» Directions for this task: Although the records include pictures, the copy should not; write out exactly the lines from the first through the line with "Advil Liqui-Gels 20".
*** Opening of Given records ***
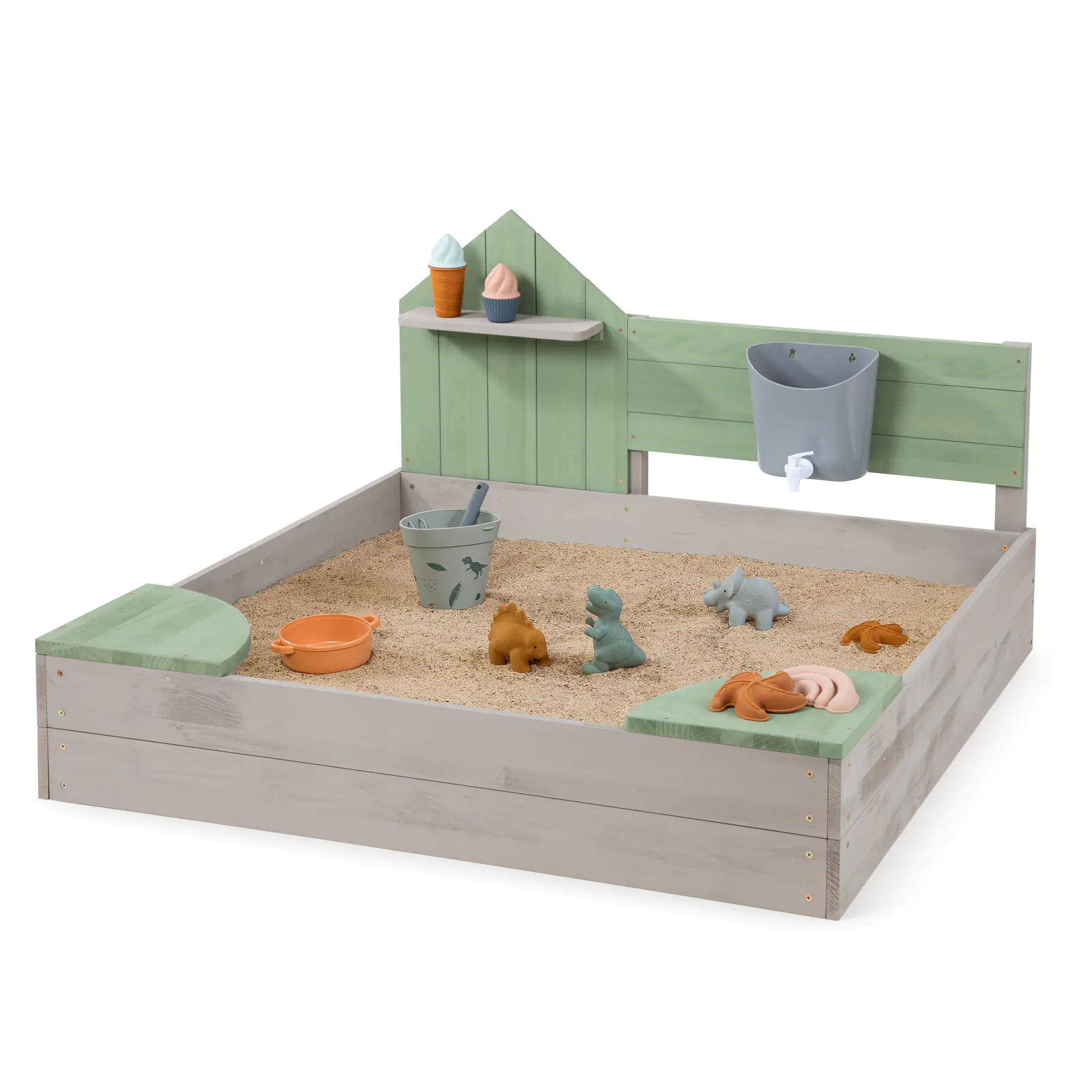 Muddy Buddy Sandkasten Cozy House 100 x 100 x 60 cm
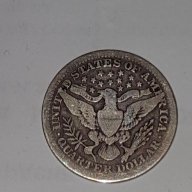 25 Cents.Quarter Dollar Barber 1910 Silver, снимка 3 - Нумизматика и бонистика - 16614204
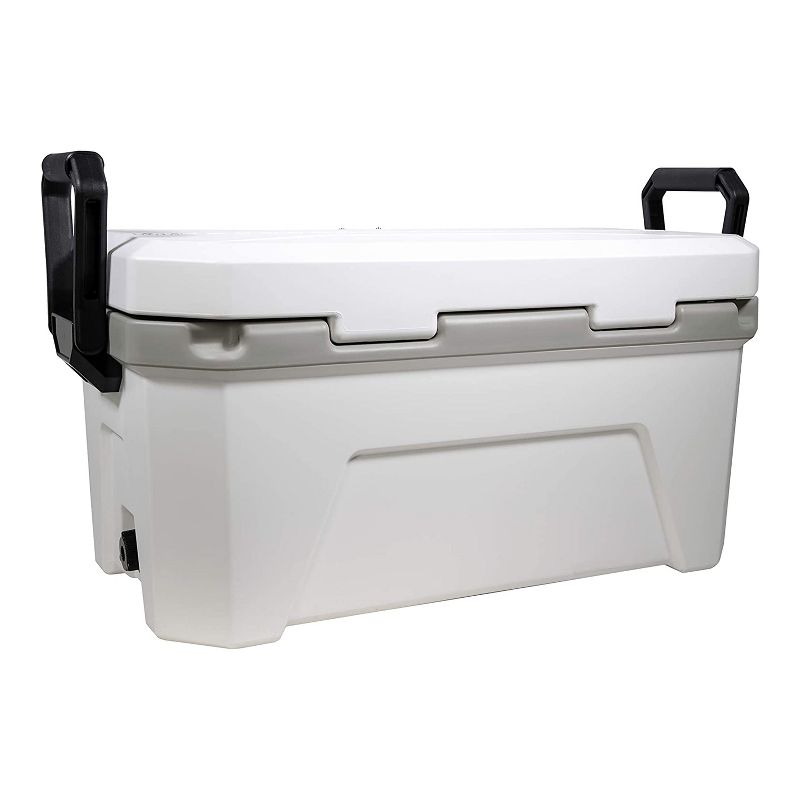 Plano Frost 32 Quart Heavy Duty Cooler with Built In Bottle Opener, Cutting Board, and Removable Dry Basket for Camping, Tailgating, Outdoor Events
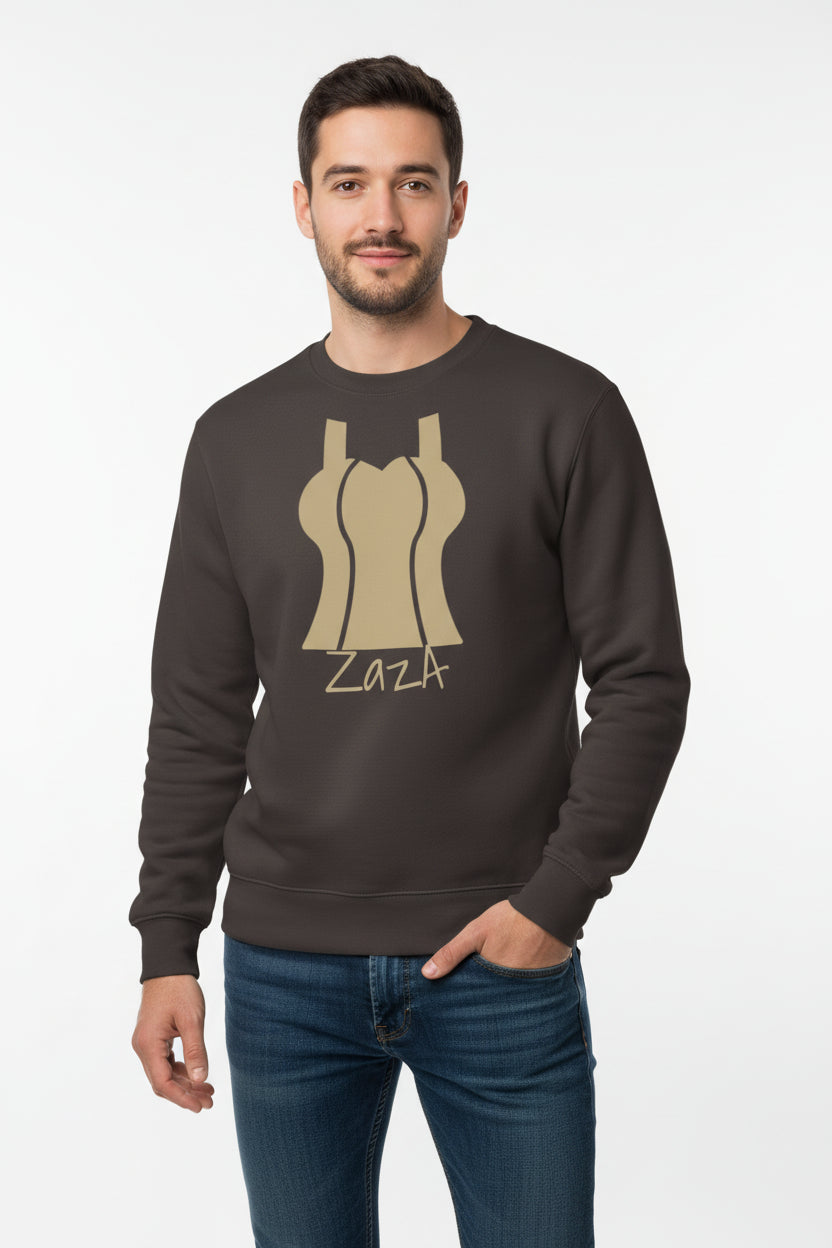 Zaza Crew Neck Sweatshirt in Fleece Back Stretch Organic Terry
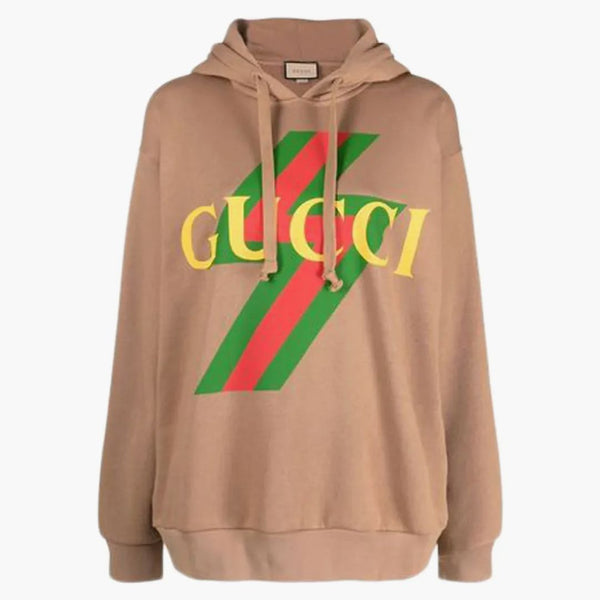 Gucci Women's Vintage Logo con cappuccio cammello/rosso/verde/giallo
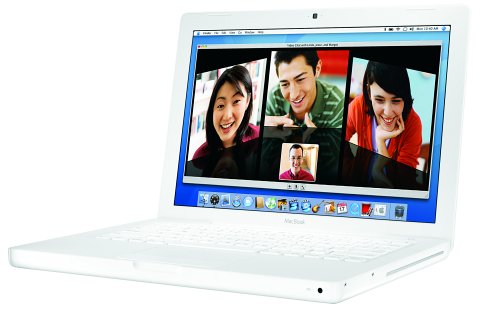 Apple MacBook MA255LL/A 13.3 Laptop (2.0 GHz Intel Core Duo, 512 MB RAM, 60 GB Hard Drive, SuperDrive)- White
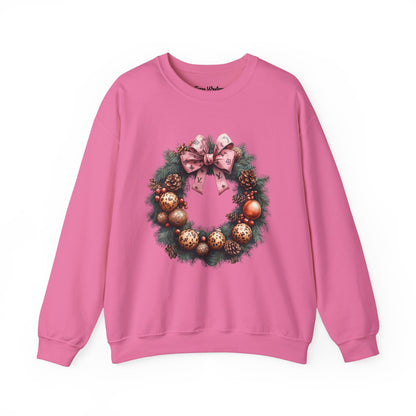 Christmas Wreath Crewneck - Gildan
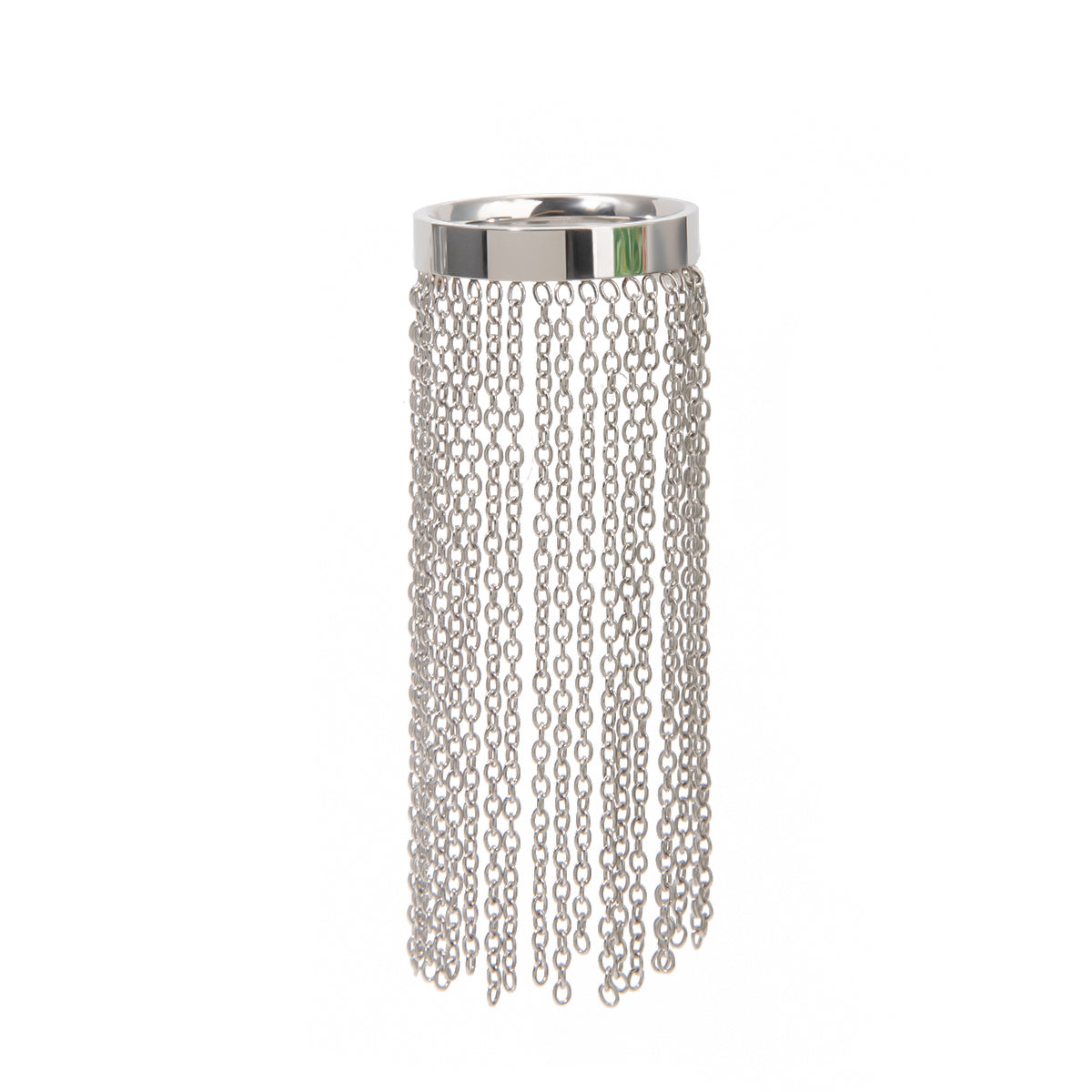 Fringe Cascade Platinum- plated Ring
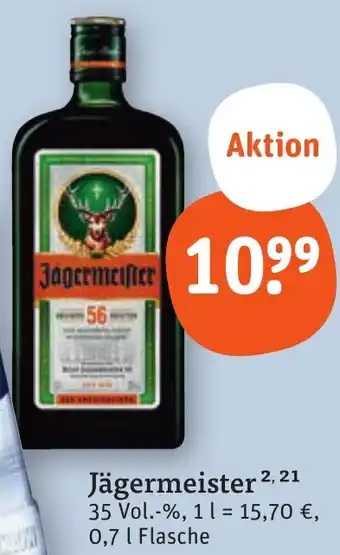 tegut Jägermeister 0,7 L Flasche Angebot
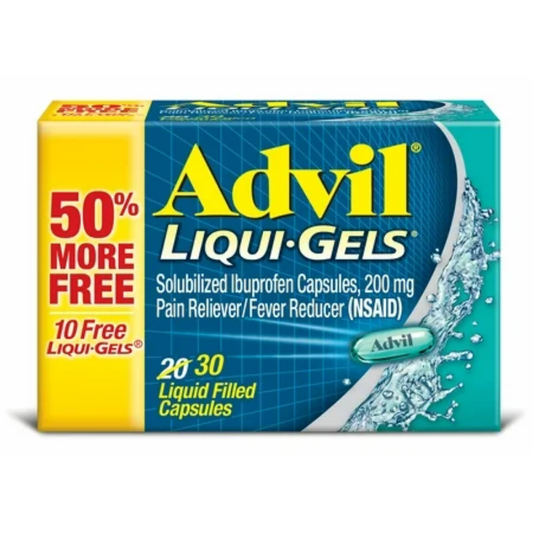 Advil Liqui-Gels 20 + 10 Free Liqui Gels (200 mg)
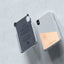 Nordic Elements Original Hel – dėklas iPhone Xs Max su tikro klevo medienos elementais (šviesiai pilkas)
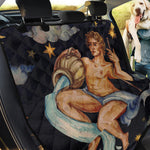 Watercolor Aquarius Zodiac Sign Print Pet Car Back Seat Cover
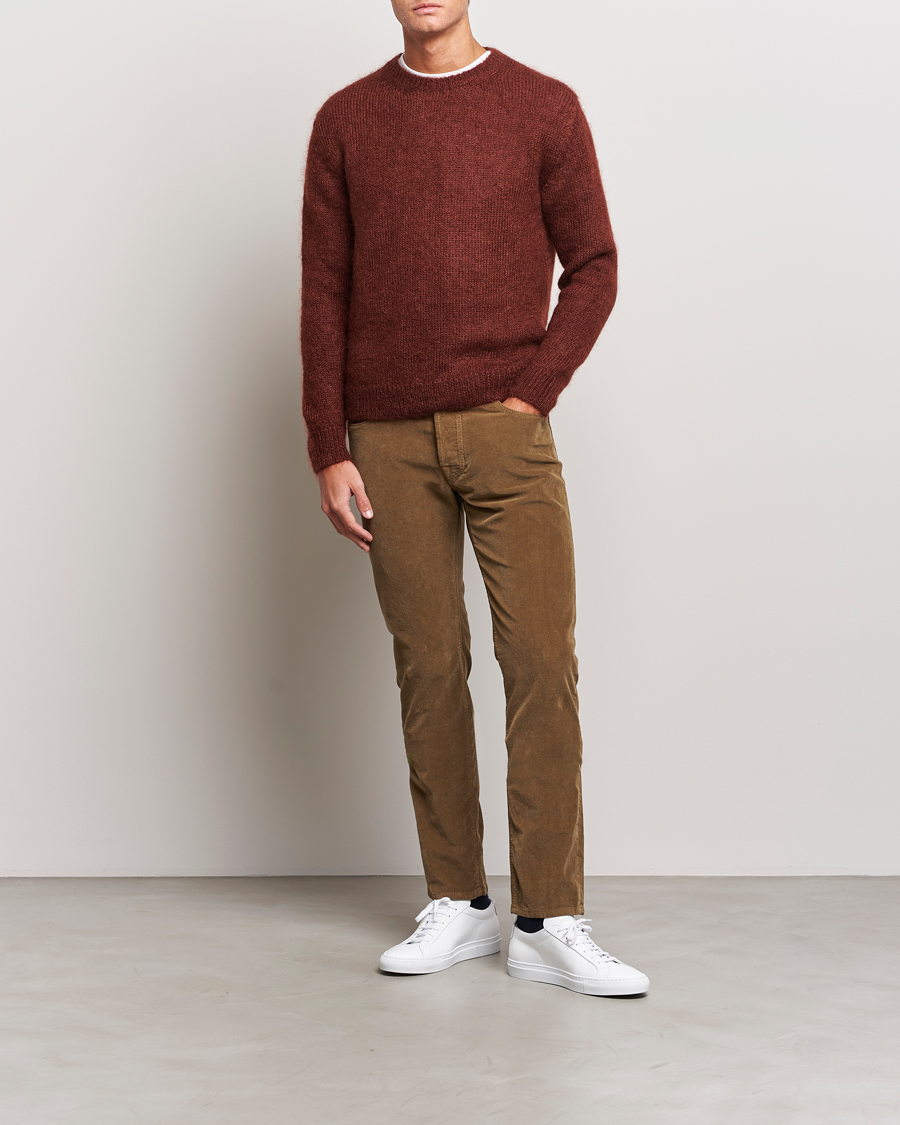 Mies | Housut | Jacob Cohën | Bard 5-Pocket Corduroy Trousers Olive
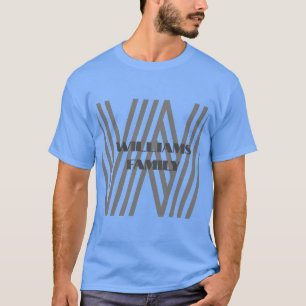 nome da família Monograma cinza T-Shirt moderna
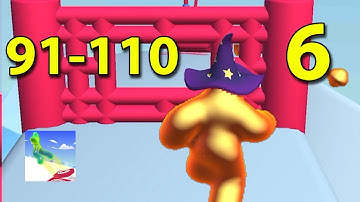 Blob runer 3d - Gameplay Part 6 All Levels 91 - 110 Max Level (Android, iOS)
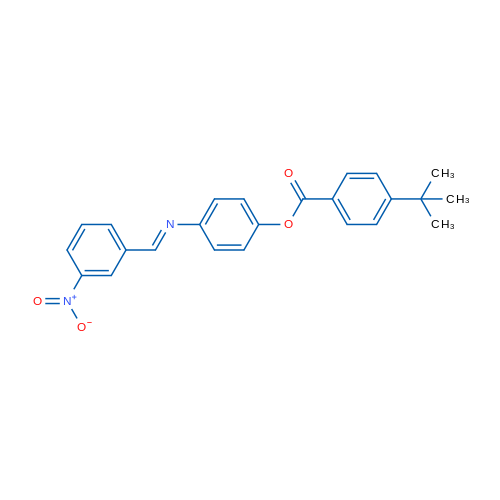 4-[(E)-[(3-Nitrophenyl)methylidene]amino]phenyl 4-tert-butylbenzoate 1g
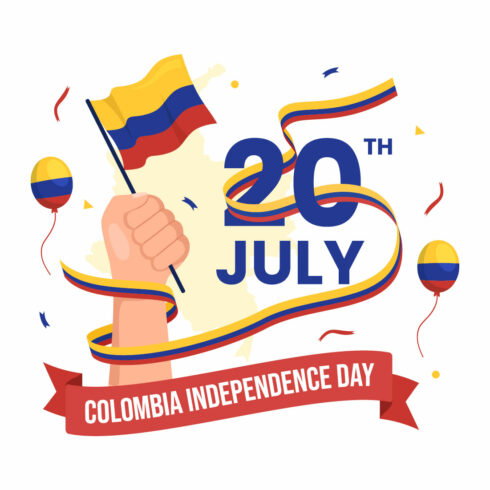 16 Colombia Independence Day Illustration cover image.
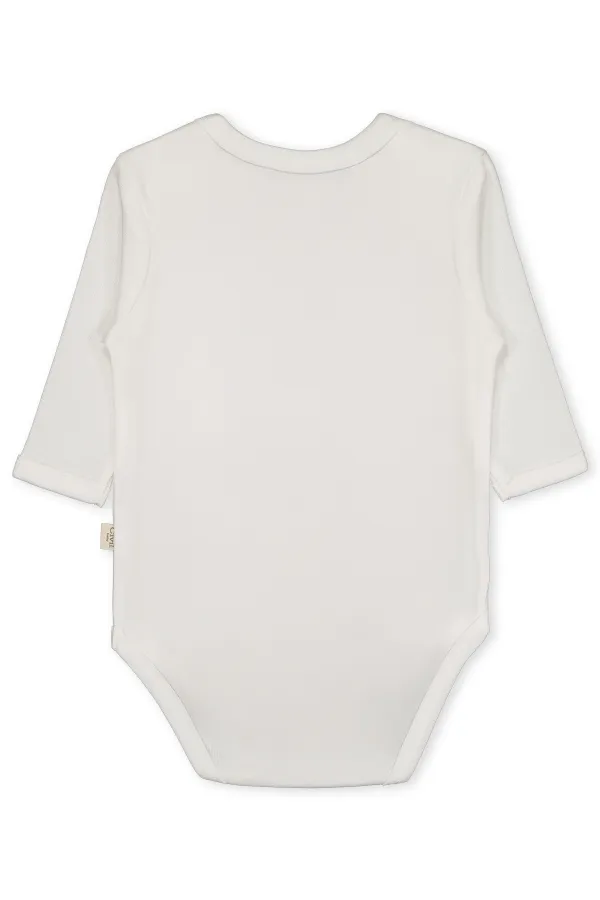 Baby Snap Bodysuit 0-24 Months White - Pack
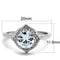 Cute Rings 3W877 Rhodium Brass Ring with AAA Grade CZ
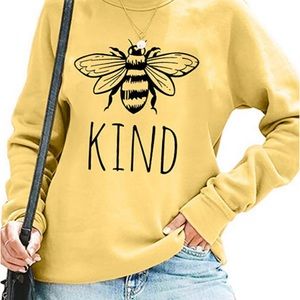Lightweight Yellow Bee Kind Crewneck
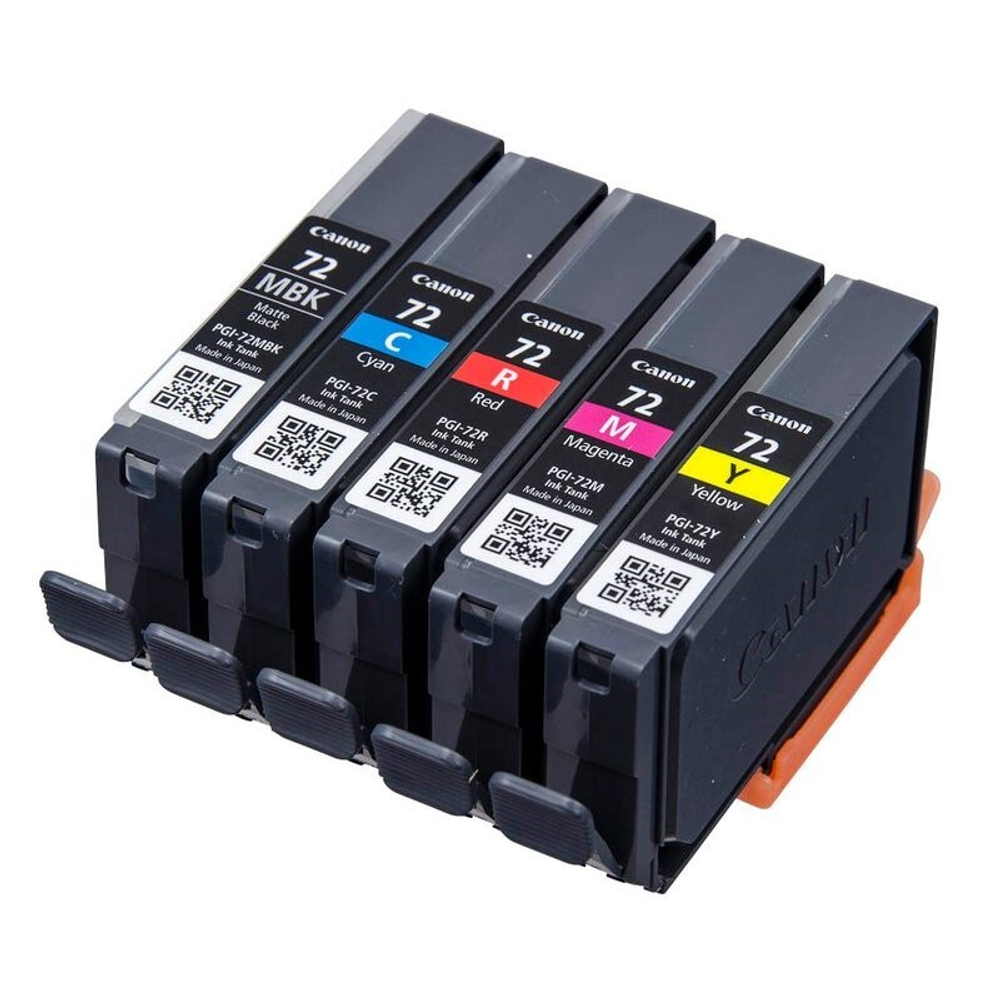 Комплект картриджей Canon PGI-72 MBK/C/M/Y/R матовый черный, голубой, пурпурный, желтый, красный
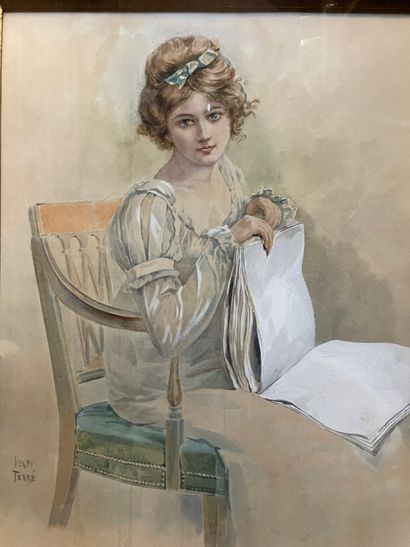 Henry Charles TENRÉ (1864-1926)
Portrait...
*** Close of Given records ***
» Result for this exercise:
 Muddy Buddy Sandkasten Cozy House 100 x 100 x 60 cm
 25 Cents.Quarter Dollar Barber 1910 Silver, снимка 3 - Нумизматика и бонистика - 16614204
 Plano Frost 32 Quart Heavy Duty Cooler with Built In Bottle Opener, Cutting Board, and Removable Dry Basket for Camping, Tailgating, Outdoor Events
 Zaza Crew Neck Sweatshirt in Fleece Back Stretch Organic Terry
 Gucci Women's Vintage Logo con cappuccio cammello/rosso/verde/giallo
 Apple MacBook MA255LL/A 13.3 Laptop (2.0 GHz Intel Core Duo, 512 MB RAM, 60 GB Hard Drive, SuperDrive)- White
 Christmas Wreath Crewneck - Gildan
 Fringe Cascade Platinum- plated Ring
 tegut Jägermeister 0,7 L Flasche Angebot
 Advil Liqui-Gels 20 + 10 Free Liqui Gels (200 mg)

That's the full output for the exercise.